What to work on:
Two lines in the listing below mark the span: one contains "Splatoon 1 character map" and one contains "Beyaz arka planda". Reproduce both of them and everything between, exactly.

Data provided:

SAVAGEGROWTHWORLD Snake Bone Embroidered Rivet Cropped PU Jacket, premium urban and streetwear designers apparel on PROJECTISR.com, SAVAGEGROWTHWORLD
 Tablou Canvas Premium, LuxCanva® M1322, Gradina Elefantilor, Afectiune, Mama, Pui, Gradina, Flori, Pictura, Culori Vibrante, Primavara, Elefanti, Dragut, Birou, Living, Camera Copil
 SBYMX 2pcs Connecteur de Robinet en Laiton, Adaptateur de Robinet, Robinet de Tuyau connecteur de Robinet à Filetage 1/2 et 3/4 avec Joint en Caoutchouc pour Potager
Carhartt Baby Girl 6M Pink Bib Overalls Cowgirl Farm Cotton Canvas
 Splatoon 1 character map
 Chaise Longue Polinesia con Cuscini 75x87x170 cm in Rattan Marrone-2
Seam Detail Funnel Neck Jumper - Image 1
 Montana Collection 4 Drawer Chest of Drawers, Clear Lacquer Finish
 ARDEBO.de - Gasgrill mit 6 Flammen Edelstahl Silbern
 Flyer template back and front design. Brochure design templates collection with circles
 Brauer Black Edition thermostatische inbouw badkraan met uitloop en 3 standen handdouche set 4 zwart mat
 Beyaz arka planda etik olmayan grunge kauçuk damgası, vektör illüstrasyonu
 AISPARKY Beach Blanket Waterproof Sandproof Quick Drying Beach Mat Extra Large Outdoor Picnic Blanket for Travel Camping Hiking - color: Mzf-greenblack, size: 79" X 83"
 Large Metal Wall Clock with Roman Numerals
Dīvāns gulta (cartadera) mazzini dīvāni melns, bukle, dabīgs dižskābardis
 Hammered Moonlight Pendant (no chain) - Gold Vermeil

Task answer:
 Splatoon 1 character map
 Chaise Longue Polinesia con Cuscini 75x87x170 cm in Rattan Marrone-2
Seam Detail Funnel Neck Jumper - Image 1
 Montana Collection 4 Drawer Chest of Drawers, Clear Lacquer Finish
 ARDEBO.de - Gasgrill mit 6 Flammen Edelstahl Silbern
 Flyer template back and front design. Brochure design templates collection with circles
 Brauer Black Edition thermostatische inbouw badkraan met uitloop en 3 standen handdouche set 4 zwart mat
 Beyaz arka planda etik olmayan grunge kauçuk damgası, vektör illüstrasyonu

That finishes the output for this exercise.